The Deeper Questions Raised By Felicity Huffman’s Sentence
Spotlights like this one provide original commentary and analysis on pressing criminal justice issues of the day. You can read them each day in our newsletter, The Daily Appeal.
Last Friday, actress Felicity Huffman was sentenced to 14 days in prison for paying thousands of dollars to have one of her daughter’s SAT scores inflated. She is the first parent to be sentenced in a massive college admissions cheating scandal wherein wealthy parents paid get their children admitted to higher-ranked schools than they might have otherwise. Huffman was also sentenced to 12 months of supervised release and 250 hours of community service, and to pay a $30,000 fine. “There are no excuses or justifications for my actions. Period,” Huffman said in a statement released after sentencing. She also apologized “to the students who work hard every day to get into college and to their parents who make tremendous sacrifices supporting their children.”
“Looming over Ms. Huffman’s sentencing were questions about fairness, and whether she and the other mostly white parents in the case would be treated more leniently than poor or nonwhite defendants accused of educational fraud,” wrote Kate Taylor for the New York Times. “The issues were emerging in a case that has been seeped with questions of inequity—and well-to-do parents’ efforts not just to guard their advantages, but to grab more.” Prosecutors, seeking incarceration, pointed to other education fraud cases in which defendants were sentenced to prison time and argued that anything less for Huffman would be, essentially, discriminatory.

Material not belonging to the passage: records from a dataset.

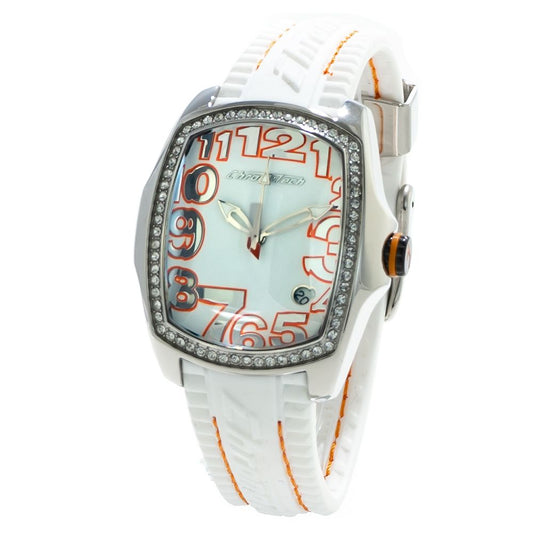 White Rubber Dress Watch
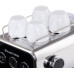 Кофеварка Russell Hobbs рожковая Distinctions 1.1л, молотая + чалды, черно-серебристый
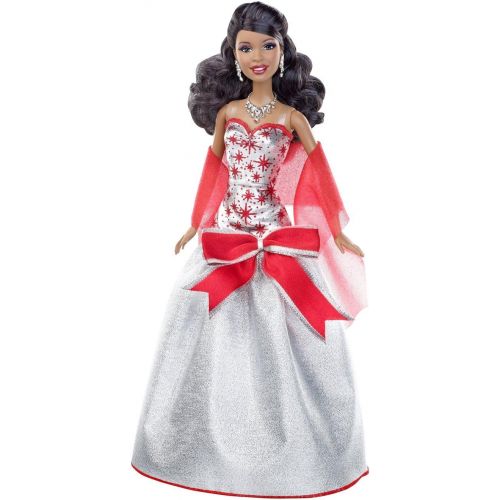 바비 Barbie Holiday Sparkle Barbie African-American Doll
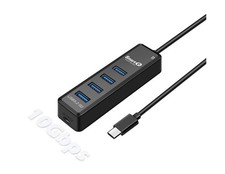 SmartQ H302Pro 4-Port USB-C 3.2 Hub with 1ft Cable & Charging picture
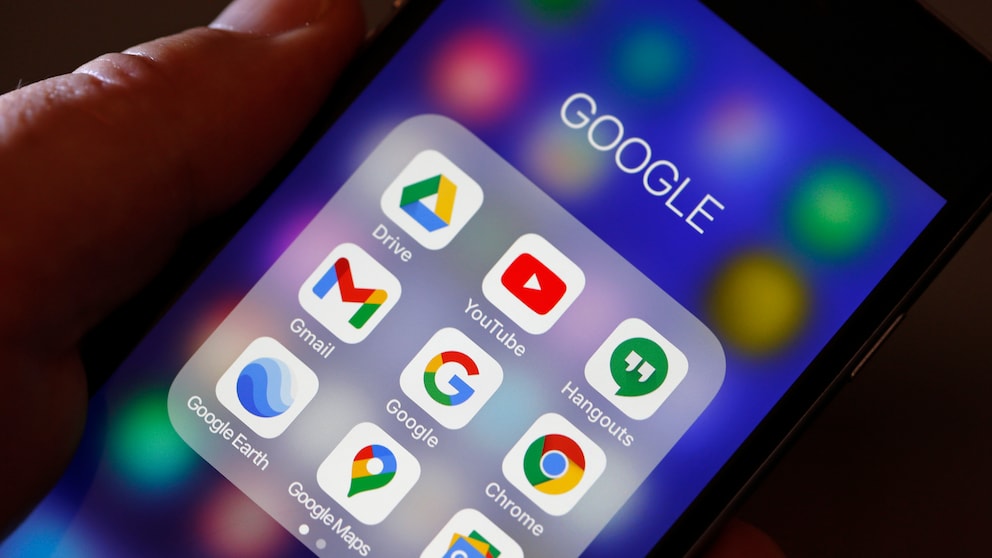 Google-Apps auf dem Smartphone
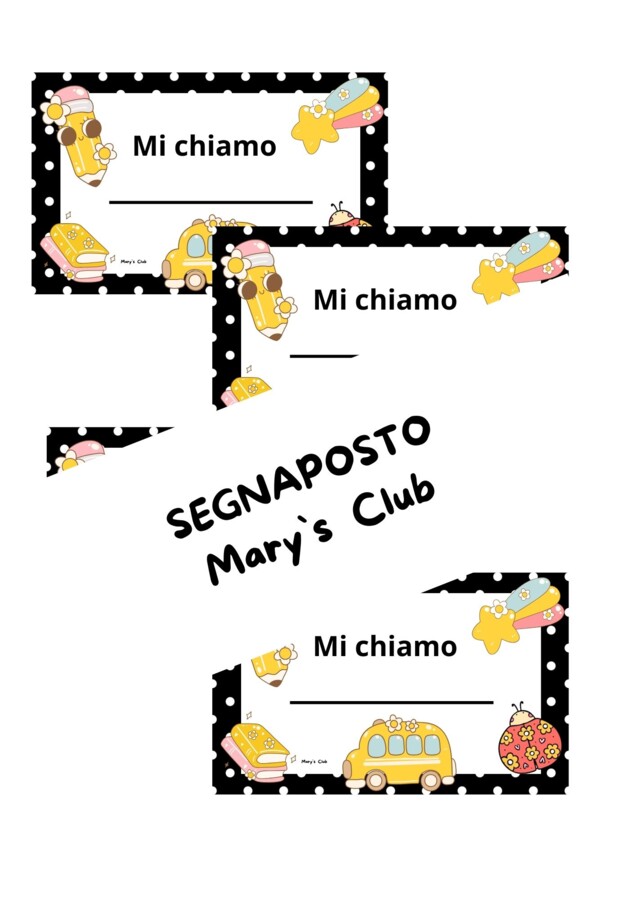 Segnaposti accoglienza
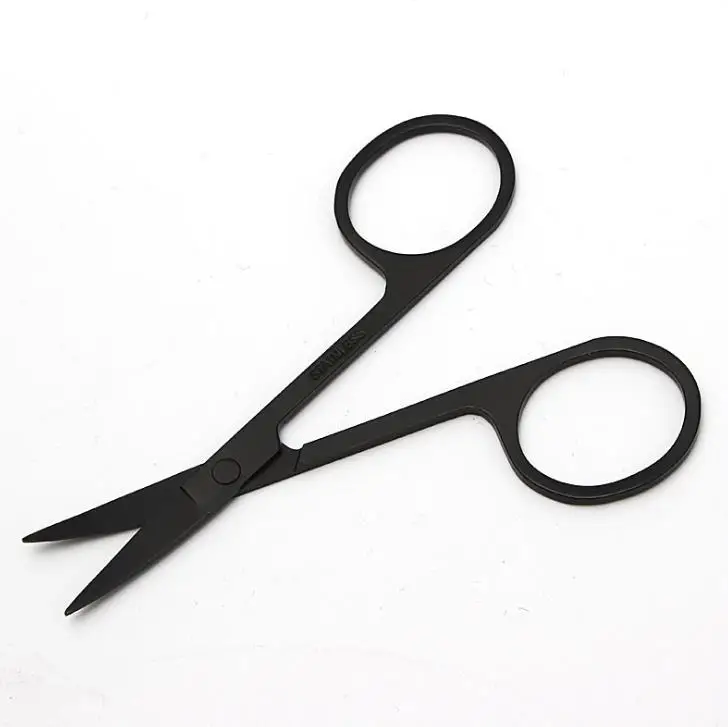 

200pcs Nail Scissor Manicure For Nails Eyebrow Nose Eyelash Cuticle Scissors Curved Pedicure Makeup Tools SN192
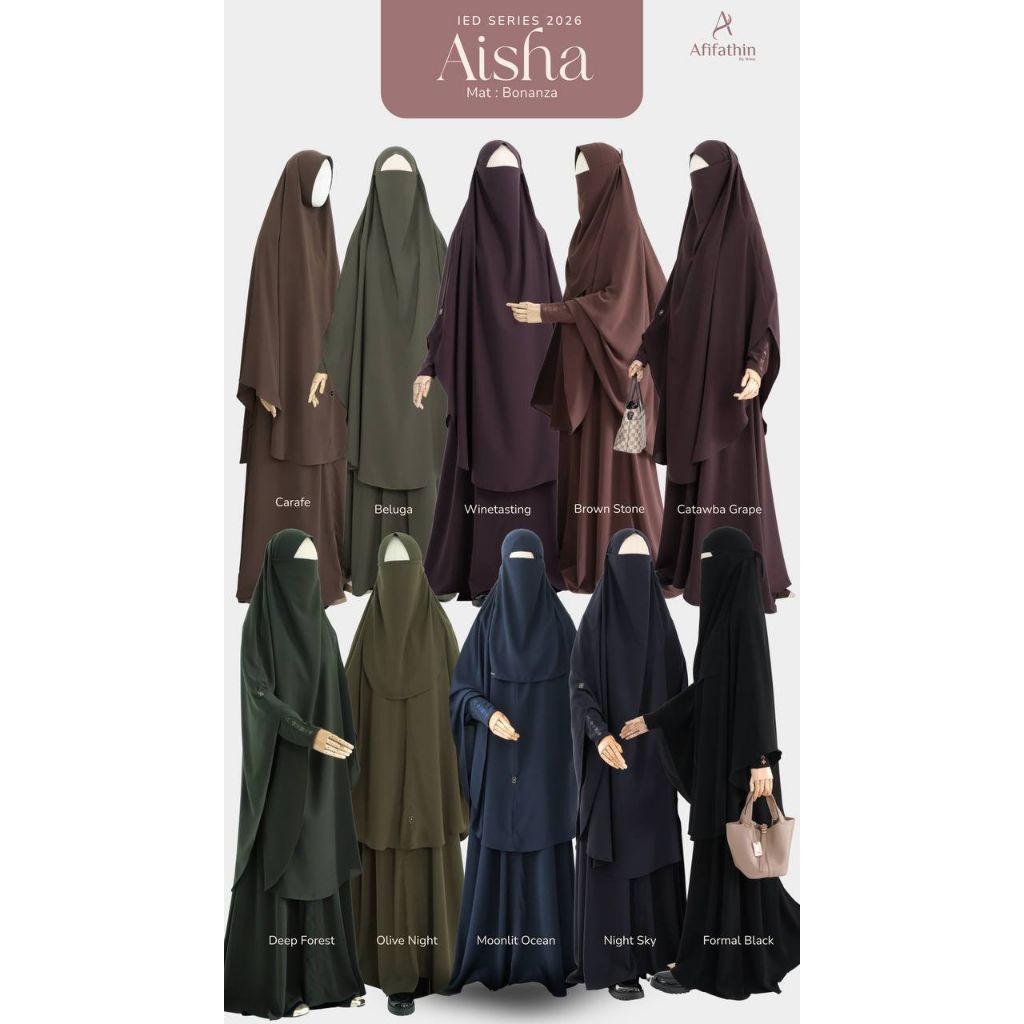 [AFIFATHIN] ABAYA AISHA | IED SERIES AFIFATHIN TERBARU | GAMIS SARIMBIT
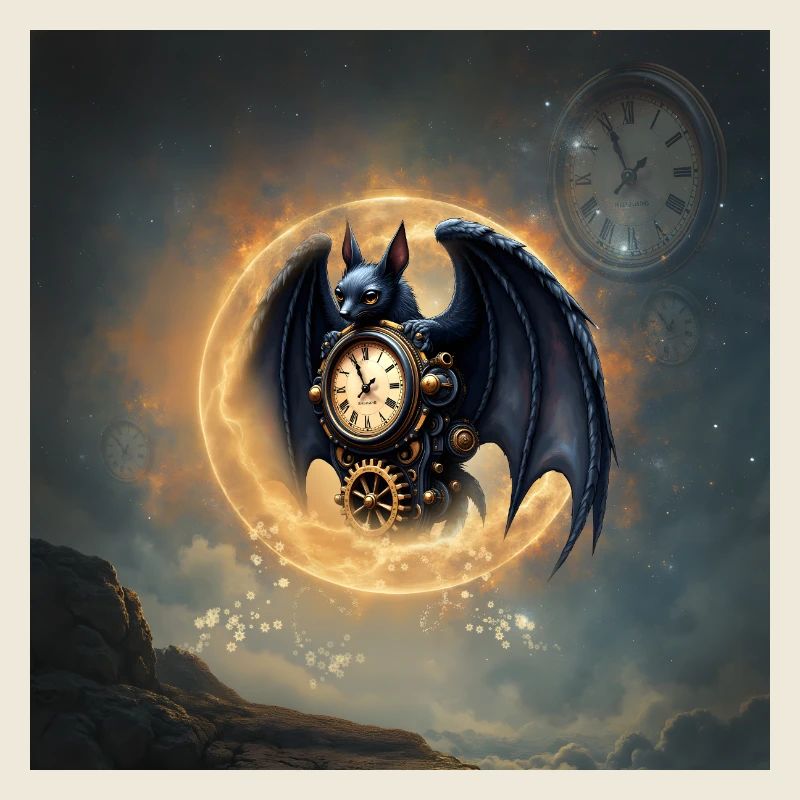 Steampunk Winged Watch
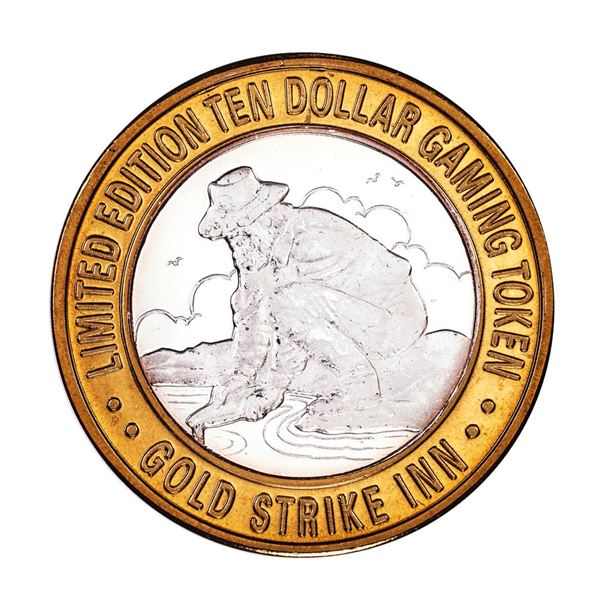 .999 Silver Gold Strike Inn $10 Limited Edition Casino Gaming Token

They noted that Kelley Williams-Bolar, a Black single mother in Akron, Ohio, was sentenced to five years in prison for using her father’s address to get her children into a nearby suburban school district. That sentence was later suspended to 10 days in jail, three years of probation, and community service. And they noted that after a group of Black public school teachers, principals, and administrators in Atlanta was convicted in a conspiracy to cheat on state tests, some were sentenced to as much as three years in prison. “If a poor single mom from Akron who is actually trying to provide a better education for her kids goes to jail, there is no reason that a wealthy, privileged mother with all the legal means available to her should avoid that same fate,” Eric S. Rosen, the lead prosecutor, told the court. “If we believe in just punishment,” he said, “we should not put the Williams-Bolars in jail while letting the Huffmans go free.”
The idea that one bad decision should be used to justify another, in the name of fairness and equality, is not only wrong, it’s dangerous. It’s regressive retributivism in progressive clothing. Public defenders generally do not wish for wealthy defendants to be treated as harshly as their clients are, but rather that their clients be treated with as much compassion as wealthier people.
“David Singleton, the executive director of the Ohio Justice and Policy Center, who represented Williams-Bolar in successfully seeking clemency in her case, said that there were indeed disparities in the justice system,” reports Taylor. “When you are rich—and particularly if you’re rich and white in this country—there’s a different justice system,” he said. But, he added, “Sending Felicity Huffman to jail is not going to solve that problem.” And a lawyer who represented an educator charged in the Atlanta test cheating scandal said, “My answer is not to give Felicity Huffman more, but to give our clients less.”
In a column for Forbes, Walter Pavlo writes that the Huffman sentence was indicative of other inequities in the system, which have gained less attention. He points out that the entire case grew from an incident in which Morrie Tobin was charged in a white-collar investigation and offered information about the college admissions scandal to lighten his sentence. Pavlo also notes that Rosen, the prosecutor in the case, stands to benefit from the high-profile prosecution as it offers “a segue to private practice with a big bonus.” Pavlo concludes: “While the media feigns outrage that Huffman received a light sentence, it has overlooked a justice system that is broken, one too heavily influenced by cooperators looking for a better deal and prosecutors hoping to parlay the cases they prosecute into a lucrative payday in private practice.”
This case, and others like it, should make us question something even deeper, however. It should make us ask why we consider certain acts a crime and punish them with prison, while other acts should go to the civil system. If it isn’t clear why Huffman should go to prison, then it isn’t clear why any property offender should. Those who break the speed limit get a ticket, even though they actually put people in physical danger by doing so. But those who jump the subway turnstile are regularly arrested and can even be deported. Instead of a debate about whether more jail time is fair (it’s not), this incident could prompt a deeper discussion about why we criminalize certain acts in the first place.
At sentencing, Judge Indira Talwani told Huffman that, in making her serve time, she was clearing the slate for her. After getting out, she said, Huffman could move forward and rebuild her life. “After this, you’ve paid your dues,” she said. “I think without this sentence you would be looking at a future with the community around you asking why you had gotten away with this.” Instead of questioning societal norms about the importance of prison, the judge played right into them.